Party loyalty is rapidly dissolving in the acid of anti-fracking ballot initiatives funded by Colorado’s outspoken billionaire Rep. Jared Polis and outside Big Green money, both targeting the state’s $29 billion annual petroleum industry.
Activists who successfully passed fracking bans in several Colorado cities have turned on incumbent Democratic Sen. Mark Udall — whose reelection results could determine control of the Senate — because he positioned himself as “a champion of Colorado's natural gas industry” in a move to expand a foreign aid package moving through the Senate to allow more liquid natural gas exports.
In a phone conversation, I asked Denver-based independent political pollster Floyd Ciruli about Udall’s situation. He said the arrival of Republican Rep. Cory Gardner into the Senate race against Udall was a game-changer. “Gardner is running only two points behind Udall now, and this is going to be a huge battle — and so is the cluster of Jared Polis initiatives.”
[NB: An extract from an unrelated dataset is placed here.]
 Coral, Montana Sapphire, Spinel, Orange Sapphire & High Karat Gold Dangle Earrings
I came away with the impression that this is the “Fracking Election.”
What’s really at stake here? I asked Simon Lomax, western director of Energy In Depth, a program of the Independent Petroleum Association of America. He pointed out in an email the central fact nobody’s talking about: “You cannot produce oil or natural gas in Colorado without hydraulic fracturing, and that’s been the case for decades.”
Detailed estimates how much Colorado drilling requires fracking technology range in the high 90th percentile. But for all practical purposes, the proposed ban on fracking is, as Lomax says, really a ban on all oil and natural gas production in the state.
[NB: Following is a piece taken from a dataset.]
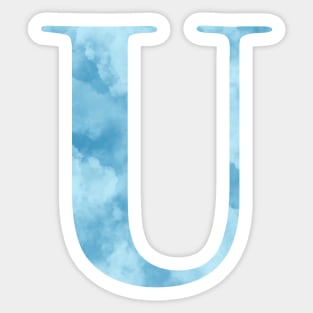 Clouds Blue Sky Initial Letter U Sticker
And that’s exactly what Colorado’s treacherous far-left greenies want: for the public to believe that their initiatives simply let communities decide whether to allow drilling in their neighborhood. They’re deliberately and effectively misleading voters: “local control” is a concept that polls high — above 60 percent.
Michael Sandoval, investigative reporter with Denver’s Independence Institute, obtained proof of that assertion: the audio of a national anti-fracking strategy conference call dubbed “Join the Call to Ban Fracking.” The call was convened by Americans Against Fracking and included remarks by Local Control Colorado activist Kaye Fissinger plainly stating activists are looking to ban hydraulic fracturing in the state, despite public protestations that this is not the case.